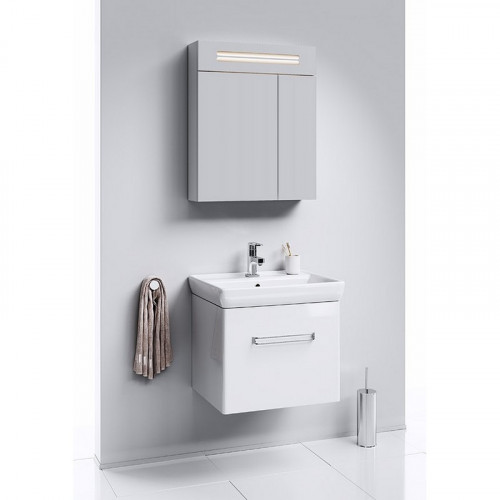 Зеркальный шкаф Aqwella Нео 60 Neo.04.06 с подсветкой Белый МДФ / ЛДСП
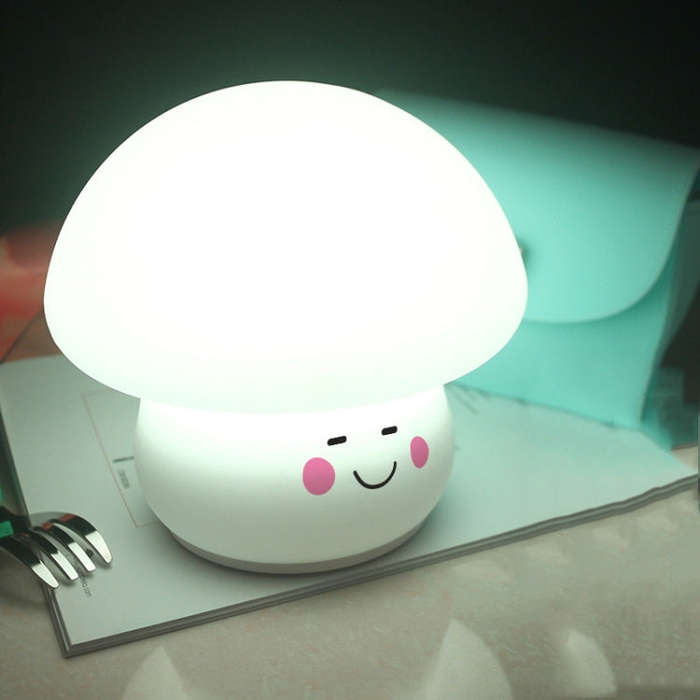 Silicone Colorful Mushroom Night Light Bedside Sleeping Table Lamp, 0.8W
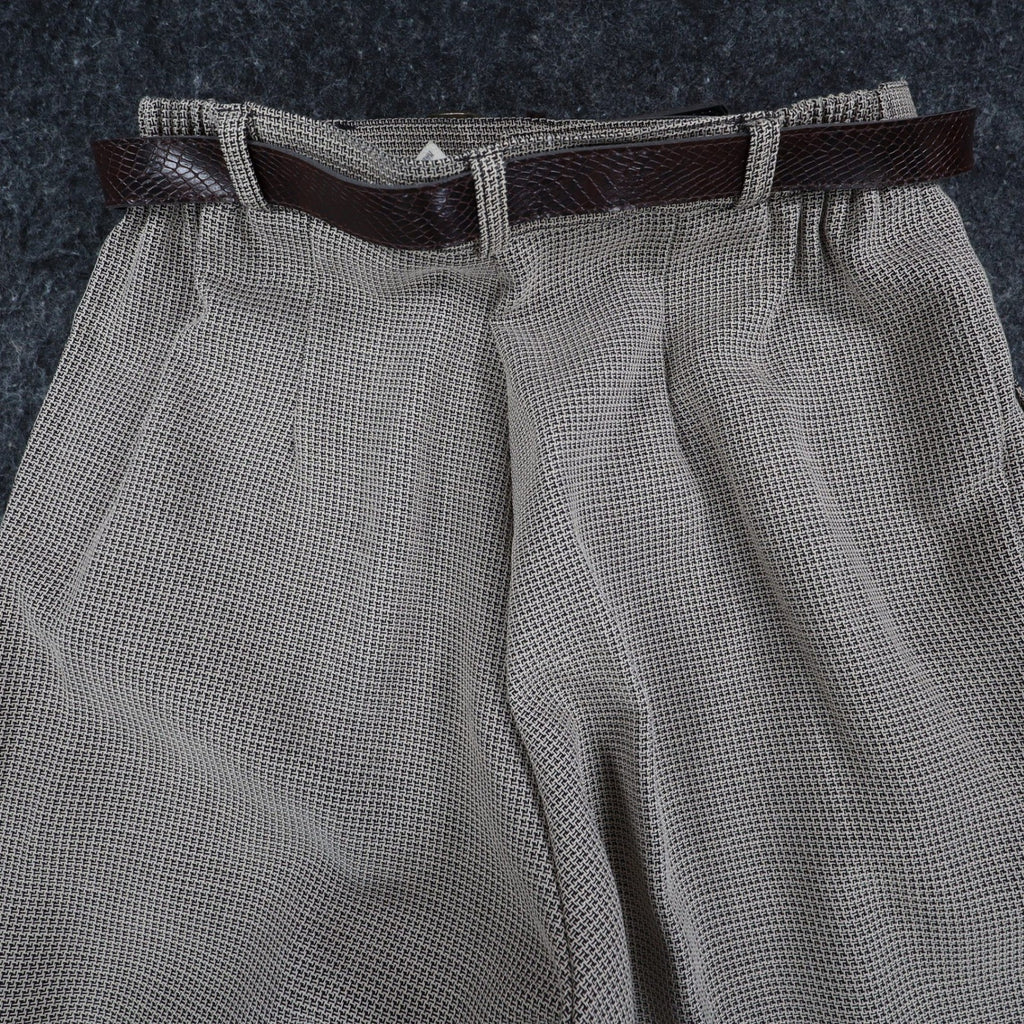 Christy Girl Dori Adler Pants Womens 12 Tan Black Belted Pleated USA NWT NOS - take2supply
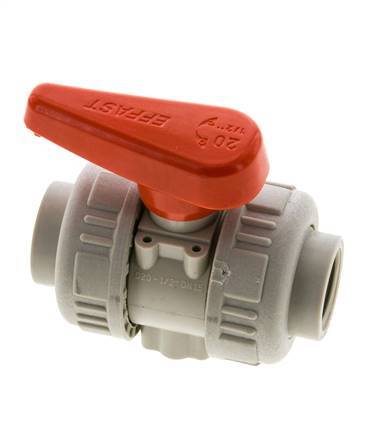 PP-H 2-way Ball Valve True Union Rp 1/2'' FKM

> _TASK OBJECTIVE_: Write out the listing again word for word, but without its pictures.

> _WRITTEN ANSWER_:
 Зеркальный шкаф Aqwella Нео 60 Neo.04.06 с подсветкой Белый МДФ / ЛДСП
 Silicone Colorful Mushroom Night Light Bedside Sleeping Table Lamp, 0.8W
 Christy Girl Dori Adler Pants Womens 12 Tan Black Belted Pleated USA NWT NOS - take2supply
 PP-H 2-way Ball Valve True Union Rp 1/2'' FKM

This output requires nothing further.